[Tutor] Absolute newbie - Transliteration

David Rogers davidrogers@telus.net
Wed May 21 02:54:02 2003


Hi

I'm an absolute newbie - this is my first attempt with Python or any 
"real" language, so my advance apologies for any stupid comments.  I 
joined the list just to ask this question, after doing a little 
searching in the list archives and the documentation and not being able 
to find out what I want to know.

I'm trying make scripts to transliterate a file from (Unicode) Cyrillic 
characters to each of
- Roman script, and
- International Phonetic Alphabet (more Unicode).

(Whether I end up with separate scripts, one for each transliteration, 
or one script for all with a bigger dictionary/list/table, is not 
important to me.)

The transliteration will not always be one-to-one in terms of the 
number of characters, for example the "ch" sound is one letter in 
Russian but corresponds to two letters in English.

I have found the following in the Python web documentation...

> translate(table[, deletechars])
>
>
> Return a copy of the string where all characters occurring in the 
> optional argument deletechars are removed, and the remaining 
> characters have been mapped through the given translation table, which 
> must be a string of length 256.


...but I don't understand what format my table needs to be in, or even 
if this accommodates Unicode, or the problem of one character sometimes 
translating to two.  If I'm completely on the wrong track here, 
somebody laugh now before it's too late.   :-)

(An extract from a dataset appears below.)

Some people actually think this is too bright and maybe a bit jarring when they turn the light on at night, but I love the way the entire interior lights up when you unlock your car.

What I don't want is a pointer to a non-modifiable Cyrillic-to-Roman 
transliteration application, because I want to re-use what I do here 
when I make other transliteration tables to speed up IPA transcription 
from other languages too.  I love IPA.    :-)

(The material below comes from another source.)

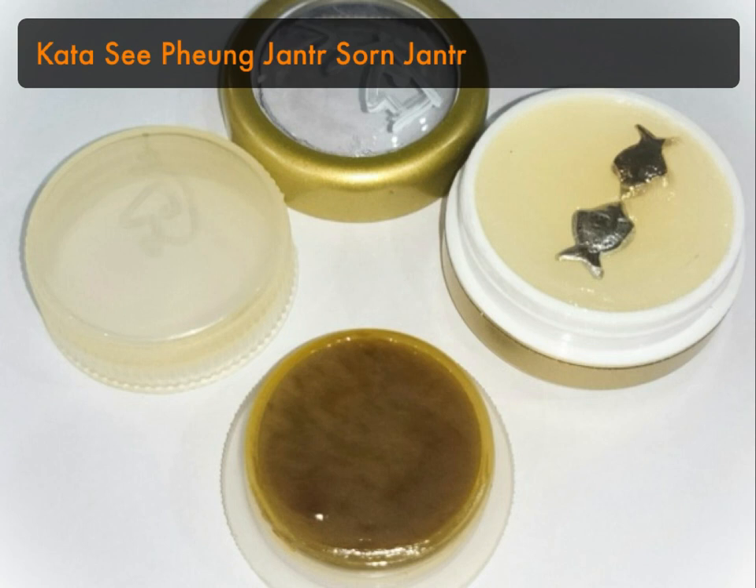The long version of the kata is for this double set of Si Pung. The name Jan Song Jan means concentric — when the moon has concentric rings of light they call it a concentric moon. So Jan Song Jan refers to an occasion when the moon has concentric rings around it, which is an astronomical and astrological phenomenon.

On the other hand, if somebody has already done something like what I 
want, in a script I can modify for other uses, then I'm all ears.  
(Some of me is ears all the time.)  I'm happy to make the lists, 
dictionary entries, or whatever format they need to be in - I just want 
to know how to get Python to read this stuff and then give me back the 
right thing.

I'm using Mac OS X, if it makes any difference.


Many thanks
David Rogers